In der Rechtssache C‑46/18

betreffend ein Vorabentscheidungsersuchen nach Art. 267 AEUV, eingereicht vom Consiglio di Stato (Staatsrat, Italien) mit Entscheidung vom 21. November 2017, beim Gerichtshof eingegangen am 25. Januar 2018, in dem Verfahren

Caseificio Sociale San Rocco Soc. coop. arl,

S.s. Franco e Maurizio Artuso,

Claudio Matteazzi,

Roberto Tellatin,

Sebastiano Bolzon

gegen

Agenzia per le Erogazioni in Agricoltura (AGEA),

Regione Veneto

erlässt

DER GERICHTSHOF (Zweite Kammer)

unter Mitwirkung des Kammerpräsidenten A. Arabadjiev sowie der Richter L. Bay Larsen (Berichterstatter) und C. Vajda,

Generalanwalt: M. Bobek,

Kanzler: R. Schiano, Verwaltungsrat,

aufgrund des schriftlichen Verfahrens und auf die mündliche Verhandlung vom 17. Januar 2019,

unter Berücksichtigung der Erklärungen

der Caseificio Sociale San Rocco Soc. coop. arl, der S.s. Franco e Maurizio Artuso, von C. Matteazzi und R. Tellatin, vertreten durch M. Aldegheri, avvocatessa,

von S. Bolzon, vertreten durch M. Aldegheri und E. Ermondi, avvocati,

der italienischen Regierung, vertreten durch G. Palmieri als Bevollmächtigte im Beistand von P. Gentili, avvocato dello Stato,

der Europäischen Kommission, vertreten durch F. Moro und D. Bianchi als Bevollmächtigte,

nach Anhörung der Schlussanträge des Generalanwalts in der Sitzung vom 14. März 2019

folgendes

Urteil

1

Das Vorabentscheidungsersuchen betrifft die Auslegung von Art. 2 der Verordnung (EWG) Nr. 3950/92 des Rates vom 28. Dezember 1992 über die Erhebung einer Zusatzabgabe im Milchsektor (ABl. 1992, L 405, S. 1) in der durch die Verordnung (EG) Nr. 1256/1999 des Rates vom 17. Mai 1999 (ABl. 1999, L 160, S. 73) geänderten Fassung (im Folgenden: Verordnung Nr. 3950/92) sowie von Art. 9 der Verordnung (EG) Nr. 1392/2001 der Kommission vom 9. Juli 2001 mit Durchführungsbestimmungen zur Verordnung Nr. 3950/92 (ABl. 2001, L 187, S. 19).

2

Es ergeht im Rahmen eines Rechtsstreits zwischen der Caseificio Sociale San Rocco Soc. coop. arl (im Folgenden: Erstabnehmerin), einer haftungsbeschränkten Genossenschaft italienischen Rechts, der S.s. Franco e Maurizio Artuso sowie Claudio Matteazzi, Roberto Tellatin und Sebastiano Bolzon, italienischen Milcherzeugern, einerseits und der Agenzia per le Erogazioni in Agricoltura (AGEA) (Agentur für Agrarzahlungen [AGEA], Italien) sowie der Regione Veneto (Region Venetien, Italien) andererseits über Milchquoten und die Zusatzabgabe für den Vermarktungszeitraum für Milch und Milchprodukte vom 1. April 2003 bis zum 31. März 2004 (im Folgenden: Referenzzeitraum).

Rechtlicher Rahmen

Unionsrecht

Verordnung Nr. 3950/92

3

In den Erwägungsgründen 6 und 8 der Verordnung Nr. 3950/92 heißt es:

„Bei Überschreiten einer der beiden Gesamtgarantiemengen der jeweiligen Mitgliedstaaten haben die betreffenden Erzeuger, die zu dieser Überschreitung beigetragen haben, die Abgabe zu entrichten …

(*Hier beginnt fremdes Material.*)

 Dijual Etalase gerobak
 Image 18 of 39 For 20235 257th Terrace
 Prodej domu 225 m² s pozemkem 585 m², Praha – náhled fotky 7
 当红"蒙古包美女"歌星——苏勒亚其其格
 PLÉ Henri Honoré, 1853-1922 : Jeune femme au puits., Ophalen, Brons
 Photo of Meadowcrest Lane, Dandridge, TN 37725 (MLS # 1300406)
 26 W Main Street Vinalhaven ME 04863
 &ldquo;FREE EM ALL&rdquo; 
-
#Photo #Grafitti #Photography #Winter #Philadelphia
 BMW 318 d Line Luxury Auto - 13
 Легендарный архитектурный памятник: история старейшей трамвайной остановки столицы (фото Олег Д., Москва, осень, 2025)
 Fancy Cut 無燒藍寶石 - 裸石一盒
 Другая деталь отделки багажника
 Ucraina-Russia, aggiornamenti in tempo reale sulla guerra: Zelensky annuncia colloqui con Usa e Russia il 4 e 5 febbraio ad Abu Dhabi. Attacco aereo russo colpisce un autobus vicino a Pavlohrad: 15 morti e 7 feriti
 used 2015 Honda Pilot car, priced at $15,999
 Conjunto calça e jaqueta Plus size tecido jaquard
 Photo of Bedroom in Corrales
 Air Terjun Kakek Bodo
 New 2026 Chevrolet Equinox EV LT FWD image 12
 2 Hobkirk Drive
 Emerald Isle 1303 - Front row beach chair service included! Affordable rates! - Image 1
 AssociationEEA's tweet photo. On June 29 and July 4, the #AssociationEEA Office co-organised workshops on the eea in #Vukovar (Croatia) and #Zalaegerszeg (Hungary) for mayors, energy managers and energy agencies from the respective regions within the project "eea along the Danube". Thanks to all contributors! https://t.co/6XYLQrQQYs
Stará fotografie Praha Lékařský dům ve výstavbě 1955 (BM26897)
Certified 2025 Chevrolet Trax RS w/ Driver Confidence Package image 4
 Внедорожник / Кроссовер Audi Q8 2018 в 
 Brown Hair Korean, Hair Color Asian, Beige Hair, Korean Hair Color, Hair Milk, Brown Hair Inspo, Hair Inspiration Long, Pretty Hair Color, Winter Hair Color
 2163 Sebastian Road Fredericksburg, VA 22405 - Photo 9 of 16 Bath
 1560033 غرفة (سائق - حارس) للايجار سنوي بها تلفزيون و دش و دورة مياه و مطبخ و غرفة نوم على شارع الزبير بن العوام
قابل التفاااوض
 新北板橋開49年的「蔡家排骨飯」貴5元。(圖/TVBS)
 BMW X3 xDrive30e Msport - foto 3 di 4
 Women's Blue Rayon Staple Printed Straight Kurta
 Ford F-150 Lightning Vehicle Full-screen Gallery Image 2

Damit es nicht zu den in der Vergangenheit festgestellten erheblichen Verzögerungen bei der Erhebung und Zahlung der Abgabe kommt, die mit dem Ziel der Regelung nicht zu vereinbaren sind, ist der Abnehmer als derjenige, der am besten in der Lage erscheint, die nötigen Vorgänge abzuwickeln, als der Abgabepflichtige zu bestimmen und sind ihm die Mittel an die Hand zu geben, die Erhebung der Abgabe bei den Erzeugern als den Abgabeschuldnern sicherzustellen.“

4

Art. 1 dieser Verordnung sieht vor:

„Bei den Erzeugern von Kuhmilch wird für weitere acht aufeinanderfolgende Zeiträume von zwölf Monaten ab 1. April 2000 eine zusätzliche Abgabe auf die Mengen Milch oder Milchäquivalent erhoben, die in dem jeweiligen Zwölfmonatszeitraum an einen Abnehmer geliefert oder direkt an den Verbraucher verkauft wurden und eine bestimmte Menge überschreiten.

…“

5

Art. 2 der Verordnung bestimmt:

„(1)   Die Abgabe wird auf alle Milch- oder Milchäquivalenzmengen erhoben, die in dem betreffenden Zwölfmonatszeitraum vermarktet werden und die eine der beiden in Artikel 3 genannten Mengen überschreiten. Sie wird auf die Erzeuger verteilt, die zur Mengenüberschreitung beigetragen haben.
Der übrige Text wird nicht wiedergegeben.